Author's Note: This is a coda to an earlier story Some things are clichés for a reasonThat story was told alternately from Dean and Sam's perspectives, and I realised after I'd finished it that there was a perspective missing. So here it is.
You don't really need to have read Clichés to understand this. But in case you want the context, Clichés described the aftermath of a fight between John and a thirteen-year-old Sammy about whether Sam could play soccer, set in Joss Whedon's Sunnydale.
Disclaimer: Don't own the Winchesters, or Sunnydale. So very, very glad that Kripke and Whedon created them.
He wakes up each morning with the weight on his shoulders. Every day it drives him down a little further.
John Winchester didn't know what fear was until he met Mary. Then he didn't know what it was like to live without it. The world was a dangerous place and every time she kissed him good-bye it could be for the last time. Accidents. Illnesses.
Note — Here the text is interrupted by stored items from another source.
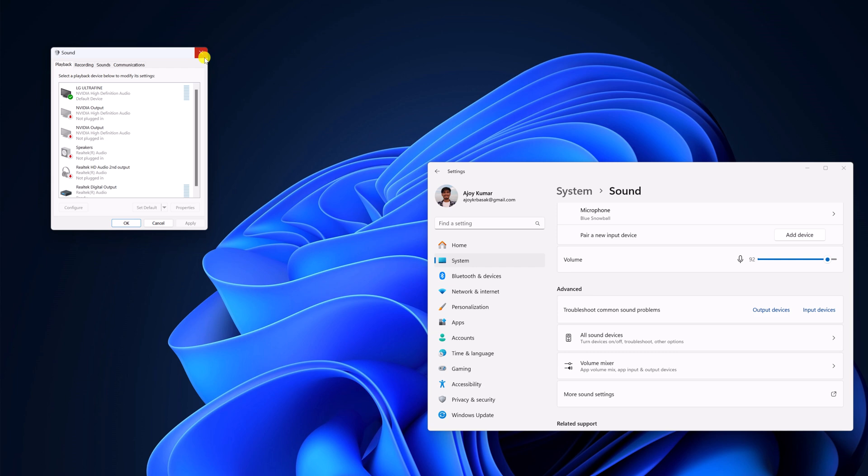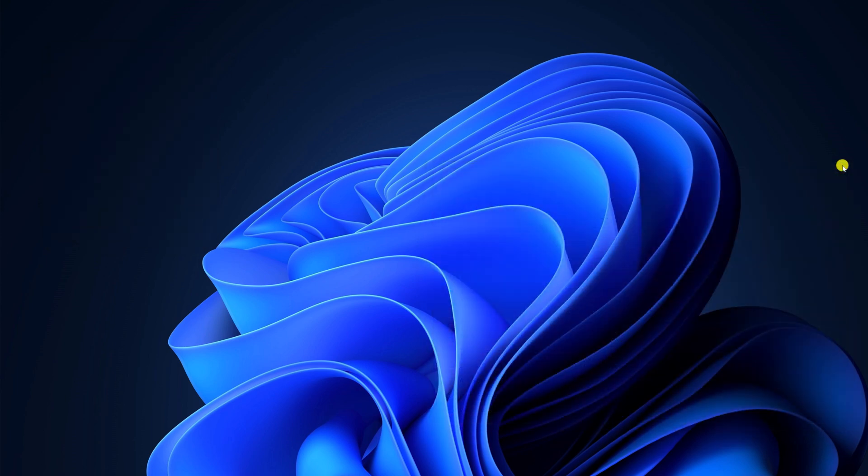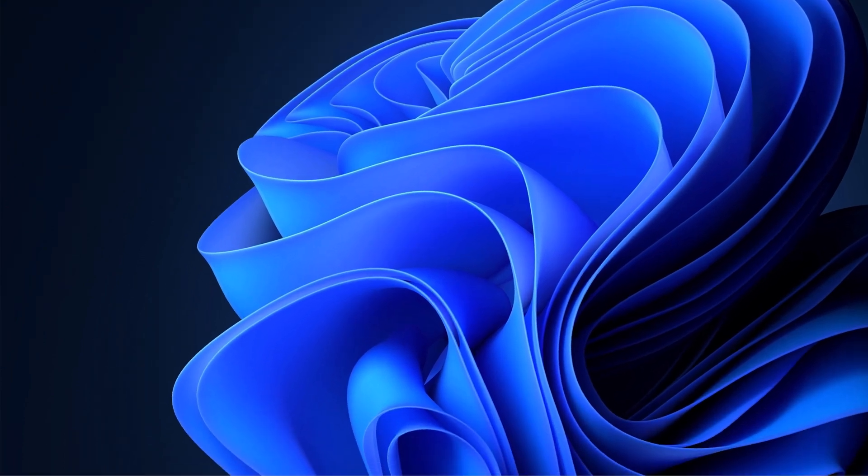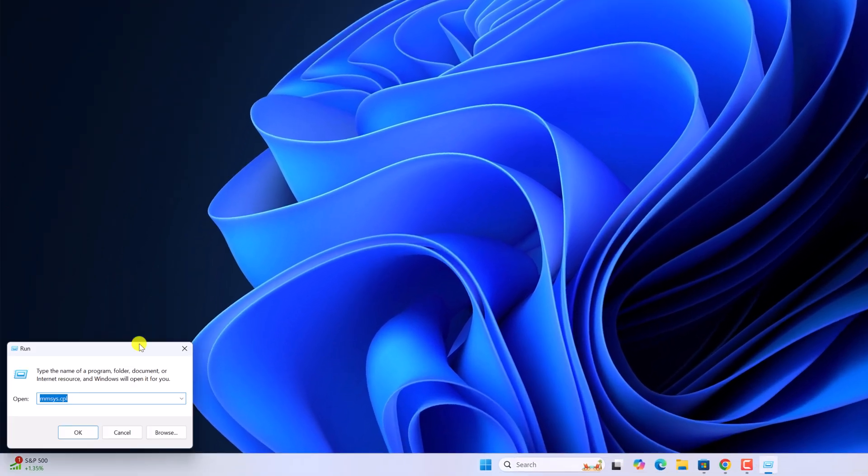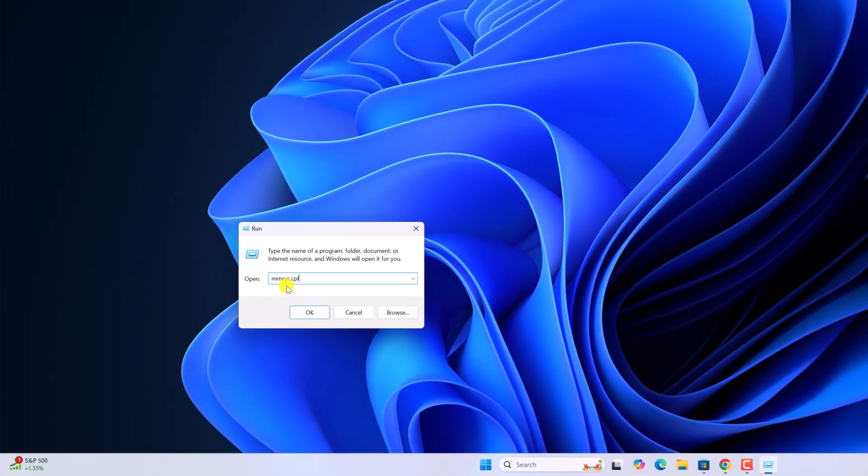There is also another method to open sound settings. For that, you can use the Run command. Press Windows key and R to open the Run dialog box. Here type mmsys.cpl and then click OK.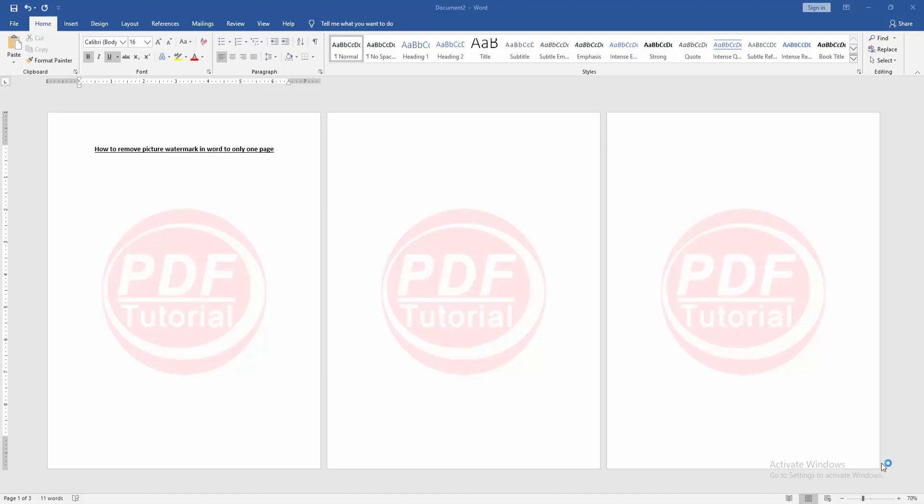In this video, I am going to show you how to remove picture watermark in Word to only one page. Let's get started.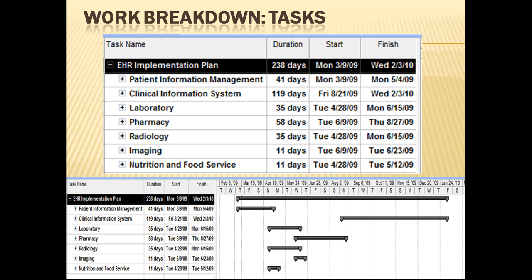The project must begin with the configuration of patient information management. When this is completed, laboratory, radiology, and nutrition and food service can begin. When these are configured, pharmacy and imaging can begin. The last thing implemented is the clinical information system because it is dependent on the configuration of all of the other tasks.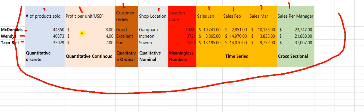For example, I have 'number of products' — this is quantitative discrete. Why? Because I'm talking about how many units of hamburgers or tacos. I cannot break this number. I cannot say I sold three quarters of a hamburger — I sold one, or two, or three, or forty-four thousand. I cannot break it. That's why it's quantitative discrete.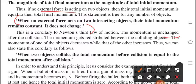The momentum gets redistributed between the colliding objects. The momentum of one object decreases while that of the other increases. We can also state this corollary as: when two objects collide, the total momentum before collision is equal to the total momentum after collision. For example, if total momentum is four, it could be distributed as one and three, or two and two between the objects.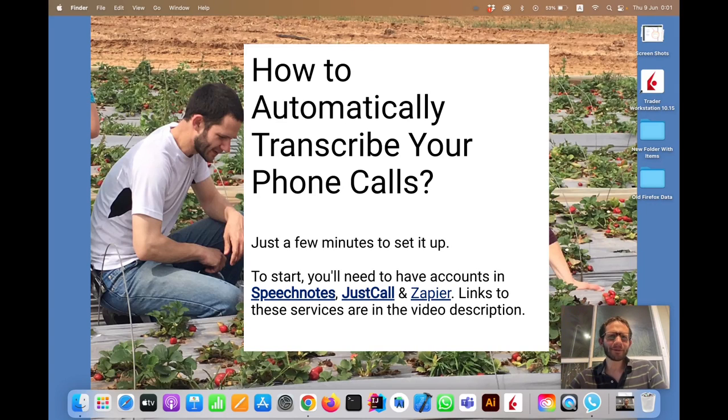Hi! Thank you for joining us. I'm Ronen from SpeechNotes. Today I'm going to show you how to automatically transcribe all your phone calls.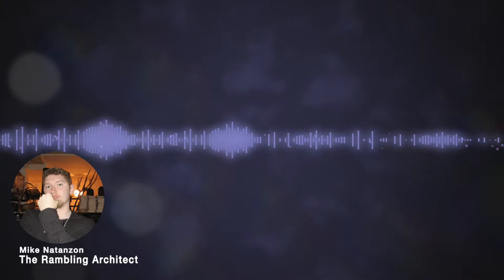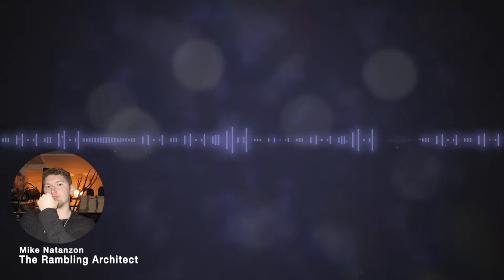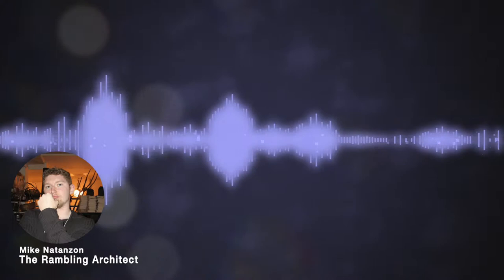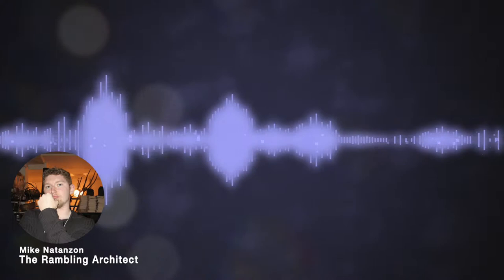When architecture is done well it can have tangible positive effects on health, motivation, happiness, sociability, productivity and so on. And there are many ways that spatial design affects us that most people and even most architects are not even aware of. And this is something I'll talk about in a later video.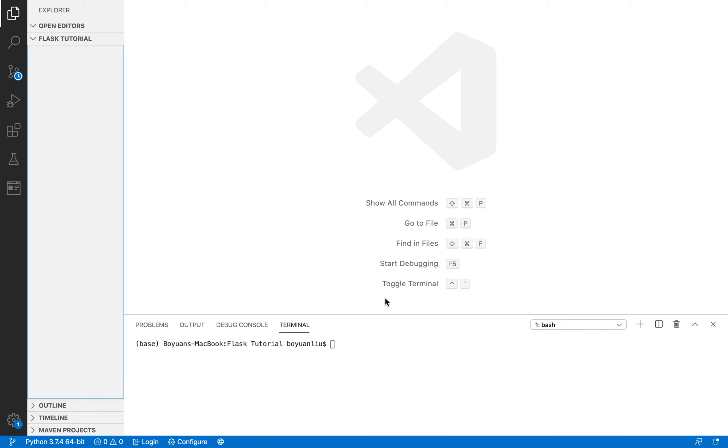So welcome back to another Flask tutorial. In this tutorial, I'm going to write some Python Flask code. I'm going to talk about route, render template, and how to actually run your Flask app.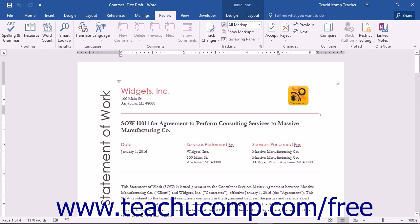One of the most commonly performed tasks in the legal profession is creating a legal blackline document. When you create a legal blackline document, which is also often called redlining or comparing documents, you examine two documents within Microsoft Word to show only the content that has changed between the two copies in a third separate document. Many legal professionals use this feature when reviewing contracts to note the revisions that have been made between two copies of a contract.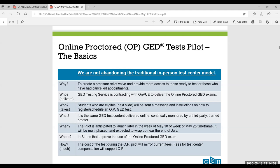It is the same GED test content delivered online, continually monitored by a third-party trained proctor. The pilot is anticipated to launch during the week of May 18th or the week of May 25th. It will be a multi-phased launch and is expected to wrap up near the end of July — that's how long the pilot phase will last.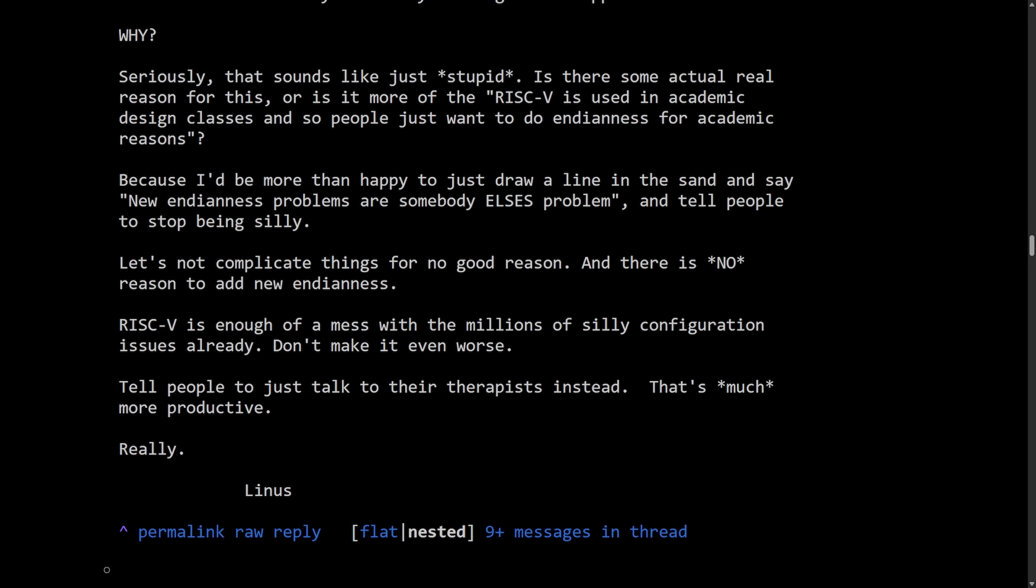I think the reason Linus is frustrated here, every time you introduce another Endianness mode, you're really doubling the testing, increasing bug potential, and complicating things. And Linus has seen this over the decades through Endian bugs. And to him, it really feels like adding new pain for no gain. You can see Linus has a long-standing frustration with proposals on adding complexity without a strong justification. And basically calls it an academic toy idea here and wants nothing to do with it.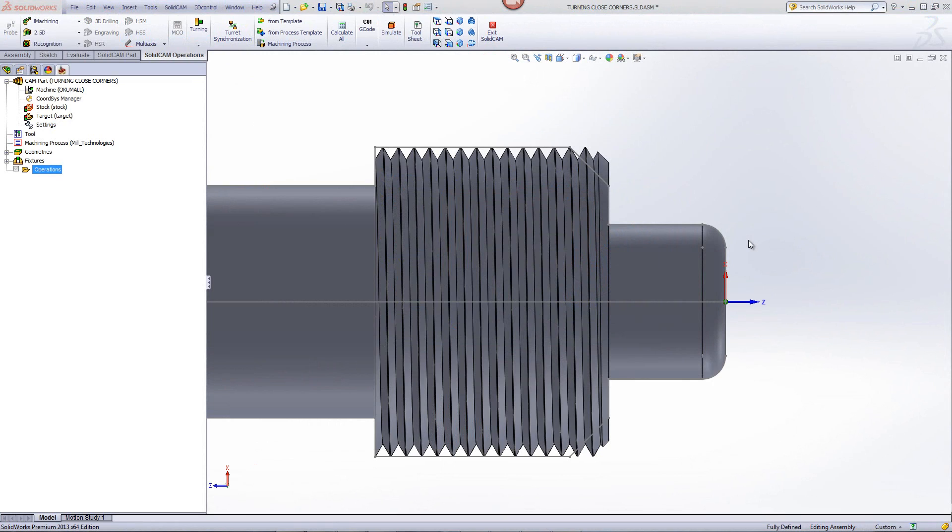In this recording, we'll show you the new option in turning for having curved plus closed corners when creating a geometry.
All the tragedies of life that he read about and heard about and that could happen to his Mary.
He walked with her, step by step, sat by her, hour upon hour, as she gave birth to Dean and then to Sammy, and while he tried to lend her his strength he knew that ultimately the battle was hers. She won it and there were two new people in the world, two people that he and Mary had created together. The first time he looked in Dean's eyes John thought that he'd never before known what happiness was. And four years later there was Sammy, and now John truly knew joy. Joy was his wife and his sons.
With the joy the fear increased, because they could so easily be taken away.
But he never, ever, in his worst nightmares, imagined it could have happened like that. If someone had told him that a creature was going to invade his home and kill his wife in his son's nursery, he would have said, "Over my dead body," and he would have meant it literally. There were things from which he knew he couldn't protect his family, and he lived in fear of them, but this, this he should have been able to fight. This wasn't an accident or an illness or the dangers of childbirth.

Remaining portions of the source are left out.